═════ DATASET RECORDS ═════
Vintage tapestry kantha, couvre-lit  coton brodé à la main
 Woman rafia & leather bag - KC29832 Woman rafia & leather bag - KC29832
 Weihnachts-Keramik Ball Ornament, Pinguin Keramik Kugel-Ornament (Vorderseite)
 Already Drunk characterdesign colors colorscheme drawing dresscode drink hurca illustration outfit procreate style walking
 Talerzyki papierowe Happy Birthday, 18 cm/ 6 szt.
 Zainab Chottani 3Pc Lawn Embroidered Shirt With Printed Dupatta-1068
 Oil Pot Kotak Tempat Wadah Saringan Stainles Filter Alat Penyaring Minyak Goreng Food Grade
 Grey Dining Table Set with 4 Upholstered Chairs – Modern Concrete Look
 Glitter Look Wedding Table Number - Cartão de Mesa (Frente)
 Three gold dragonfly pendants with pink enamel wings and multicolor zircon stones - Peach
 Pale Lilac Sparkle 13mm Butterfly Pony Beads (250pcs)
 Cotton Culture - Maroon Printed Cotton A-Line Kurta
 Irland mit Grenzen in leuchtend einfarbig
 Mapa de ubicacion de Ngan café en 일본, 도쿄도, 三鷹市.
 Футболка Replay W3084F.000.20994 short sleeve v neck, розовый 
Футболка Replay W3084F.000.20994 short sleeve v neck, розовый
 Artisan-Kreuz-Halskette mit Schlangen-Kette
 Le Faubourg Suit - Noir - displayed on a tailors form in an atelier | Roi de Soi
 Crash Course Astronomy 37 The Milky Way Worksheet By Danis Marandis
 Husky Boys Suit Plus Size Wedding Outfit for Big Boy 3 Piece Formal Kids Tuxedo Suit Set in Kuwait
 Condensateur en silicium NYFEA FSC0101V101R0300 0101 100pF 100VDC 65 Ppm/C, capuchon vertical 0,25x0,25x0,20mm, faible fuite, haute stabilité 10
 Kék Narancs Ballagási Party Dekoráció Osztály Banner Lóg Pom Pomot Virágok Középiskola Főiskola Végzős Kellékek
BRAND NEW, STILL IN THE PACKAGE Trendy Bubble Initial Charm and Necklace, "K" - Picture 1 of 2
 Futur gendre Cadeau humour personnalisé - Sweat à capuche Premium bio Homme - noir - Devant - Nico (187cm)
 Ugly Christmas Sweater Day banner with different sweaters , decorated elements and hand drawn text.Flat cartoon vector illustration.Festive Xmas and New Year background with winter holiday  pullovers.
═════
▸ WORK REQUEST
Could you retype exactly the lines above, starting at the line that contains "Zainab Chottani 3Pc" and ending at the line that contains "Artisan-Kreuz-Halskette mit Schlangen-Kette", and nothing more?

▸ ANSWER SECTION
 Zainab Chottani 3Pc Lawn Embroidered Shirt With Printed Dupatta-1068
 Oil Pot Kotak Tempat Wadah Saringan Stainles Filter Alat Penyaring Minyak Goreng Food Grade
 Grey Dining Table Set with 4 Upholstered Chairs – Modern Concrete Look
 Glitter Look Wedding Table Number - Cartão de Mesa (Frente)
 Three gold dragonfly pendants with pink enamel wings and multicolor zircon stones - Peach
 Pale Lilac Sparkle 13mm Butterfly Pony Beads (250pcs)
 Cotton Culture - Maroon Printed Cotton A-Line Kurta
 Irland mit Grenzen in leuchtend einfarbig
 Mapa de ubicacion de Ngan café en 일본, 도쿄도, 三鷹市.
 Футболка Replay W3084F.000.20994 short sleeve v neck, розовый 
Футболка Replay W3084F.000.20994 short sleeve v neck, розовый
 Artisan-Kreuz-Halskette mit Schlangen-Kette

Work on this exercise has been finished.